Sen. Elizabeth Warren (D-Mass.) on Sunday argued that the Federal Reserve should stop hiking interest rates in an effort to control high inflation.
“I do not think he should raise rates,” Warren said of Federal Reserve Chair Jerome Powell on NBC’s “Meet the Press.” “I’ve been in the camp for a long time that these extraordinary rate increases that he has taken on these extreme rate increases are something that he should not be doing.”
Powell and the central bank have been under scrutiny after upping interest rates to try and bring down inflation.
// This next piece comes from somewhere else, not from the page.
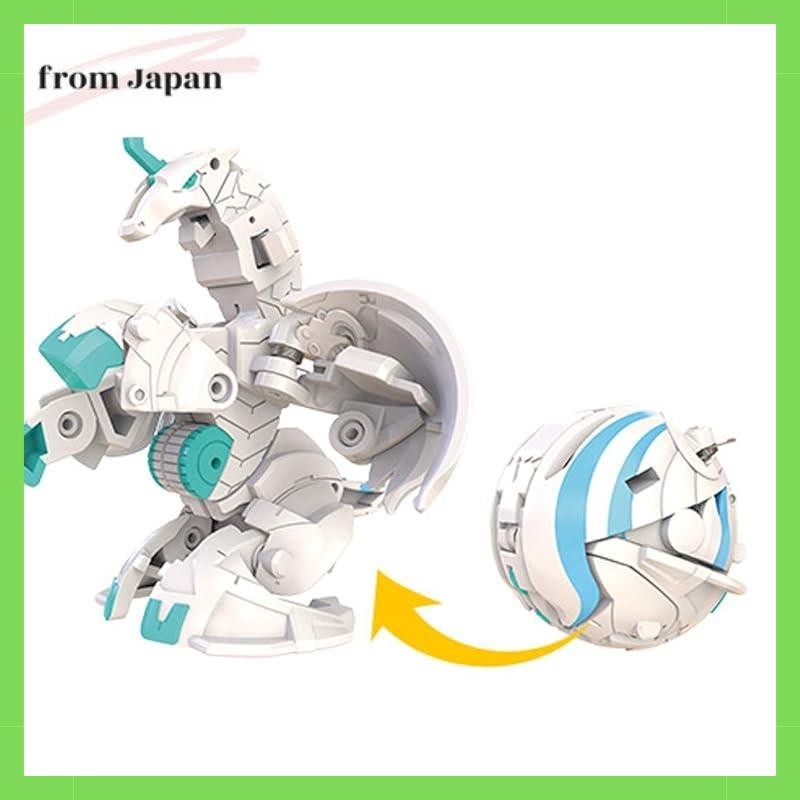 Bakugan Bakugan 015 Pegatrix DX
In recent days, the central bank has also come into focus after the failure of Silicon Valley Bank and New York’s Signature Bank.
The Federal Reserve is scheduled to meet later this week and could greenlight another interest rate hike.
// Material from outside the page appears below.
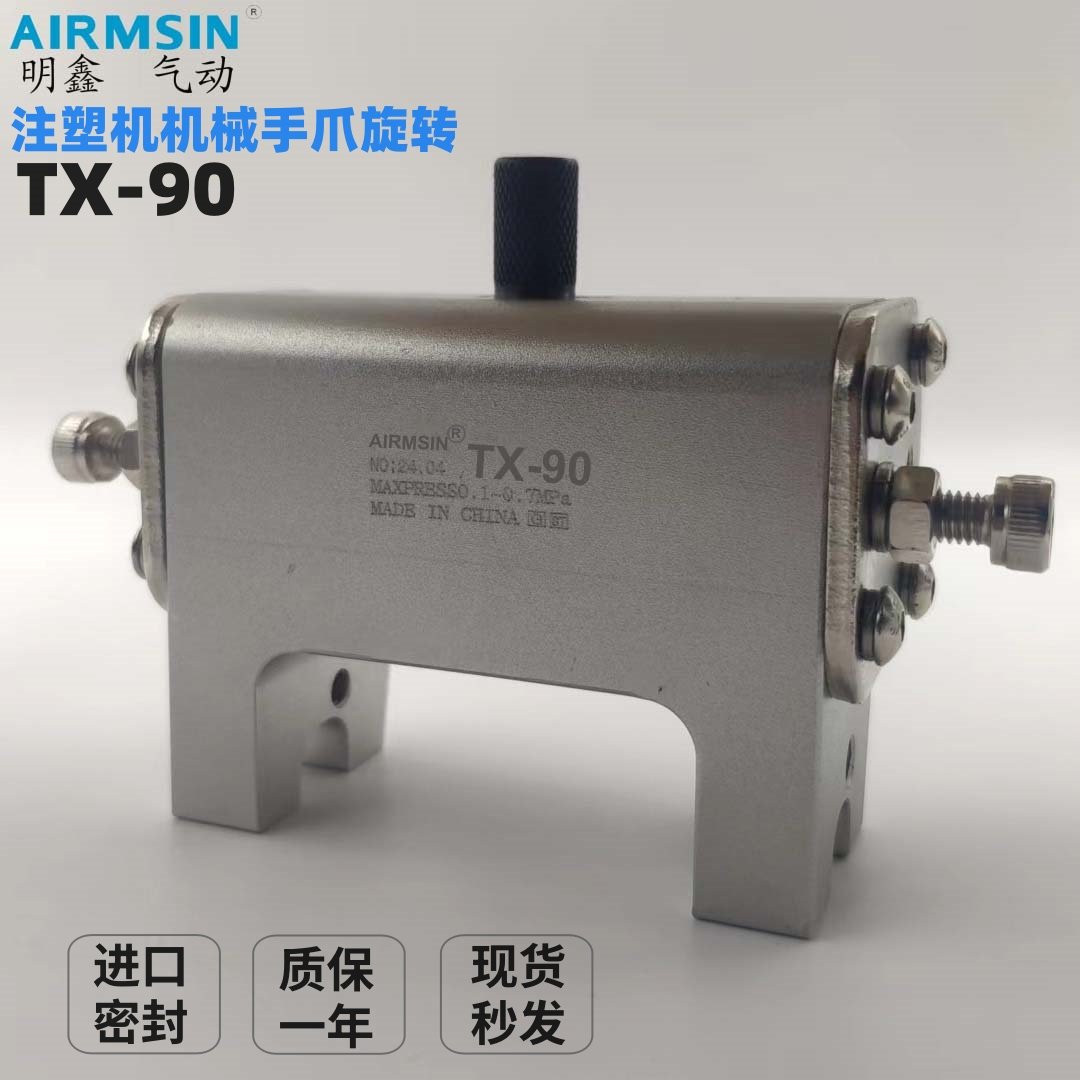 机械手爪旋组TX90迷你夹子水口钳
Warren said Sunday that Powell is “failing” in his responsibilities “both as the oversight manager of these big banks … and also what he’s doing with inflation.”
“Yes, he is responsible for dealing with inflation, but he is also responsible for employment. And what chair Powell is trying to do — and he has said fairly explicitly is that they are trying to, in effect, slow down the economy so that — this is, by the Fed’s own estimate — 2 million people will lose their jobs,” Warren, a frequent critic of the Federal Reserve chair, said.
“There are other drivers of the cost increase. For example, price gouging, supply chain kinks, the war in Ukraine. Raising interest rates doesn’t do anything to solve those problems. All it does, at least by the way the chair wants to do this, is put millions of people out of work,” the senator said.